Nell’ultimo anno Israele ha fatto la voce grossa con l’Europa, accusata di finanziare iniziative per i civili palestinesi – come la costruzione di stradine agricole, reti idriche locali per l’irrigazione e l’acqua potabile, strutture edilizie scolastiche o per l’allevamento e tanto altro – senza prima ricevere il via libera dell’Amministrazione Civile che per conto dell’esercito “governa” i palestinesi sotto occupazione nell’Area C. Le autorizzazioni però sono concesse con il contagocce. Il 98% dei permessi richiesti, secondo un calcolo fatto dai palestinesi, viene respinto perchè Israele pianifica l’annessione futura di ampie porzioni (di tutta chiede Casa ebraica) dell’Area C dove si trovano il 10% circa della popolazione palestinese della Cisgiordania e gran parte dei coloni ebrei residenti degli insediamenti costruiti in Cisgiordania in violazione della legge internazionale. A questo si aggiunge anche l’irritazione di Israele per la decisione presa dalla Commissione europea di richiedere una etichettatura diversa dal “Made in Israel” per le merci prodotte negli insediamenti colonici perchè si trovano nella Cisgiordania occupata.

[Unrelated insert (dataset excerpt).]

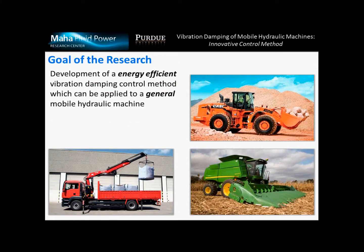Therefore, the goal of our research is the development of an energy efficient vibration damping control method, which can be applied to a general mobile hydraulic machine. In this presentation we'll describe a few details about the control method, while aspects related to the energy efficiency are included in our next presentation.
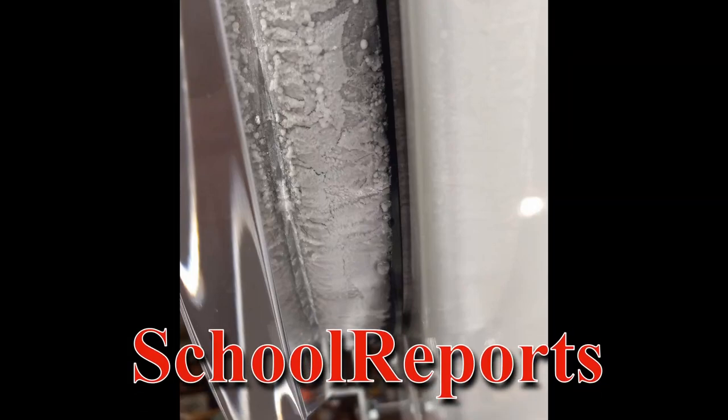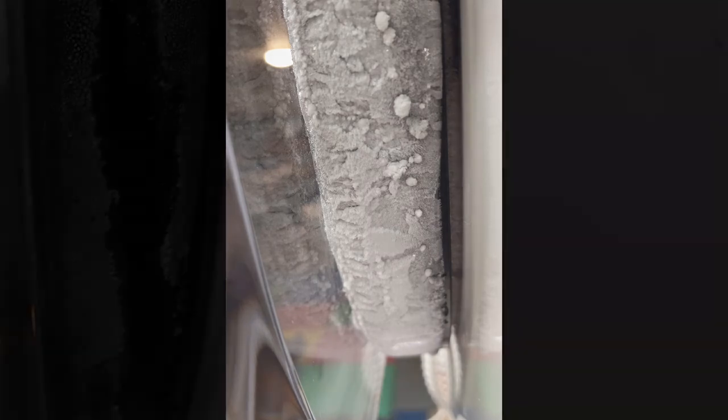I forgot to put the clips of the ice on the seal in the video, so it's a little late but here it is. This is the seal without any of the insulation on, and this isn't even a really bad case of it at this point. The door isn't even iced up — it just has some condensation on it.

I risultati dell’indagine dell’Ong “Euro-Mediterranean Human Rights Monitor”, sono stati anticipati da al Jazeera nel giorno in cui il ministro dell’agricoltura Uri Ariel, del partito nazionalista religioso Casa ebraica, è tornato ad insistere per l’annessione unilaterale a Israele, definitiva e ufficiale, della Area C preceduta, ha spiegato, dall’«allontanamento» delle «poche migliaia di arabi» che ci vivono (in realtà i palestinesi che vi risiedono sarebbero circa 300mila). Ariel non ha spiegato come verrebbero “rimossi” i palestinesi dalle loro terre e dalle loro case. Storicamente una parte della destra israeliana, o almeno quella più estrema, ha sempre visto nel “transfer”, ossia la deportazione di quote di popolazione palestinese, come una soluzione. Le idee di Ariel sono state bollate dall’Autorità nazionale palestinese come «istigazione» e «odio». «Non è la prima volta che esponenti israeliani indulgono ad una retorica senza senso, razzista e disumanizzante nei confronti dei palestinesi» ha commentato Jamal Dajani, direttore delle comunicazioni del primo ministro dell’Anp Rami Hamdallah.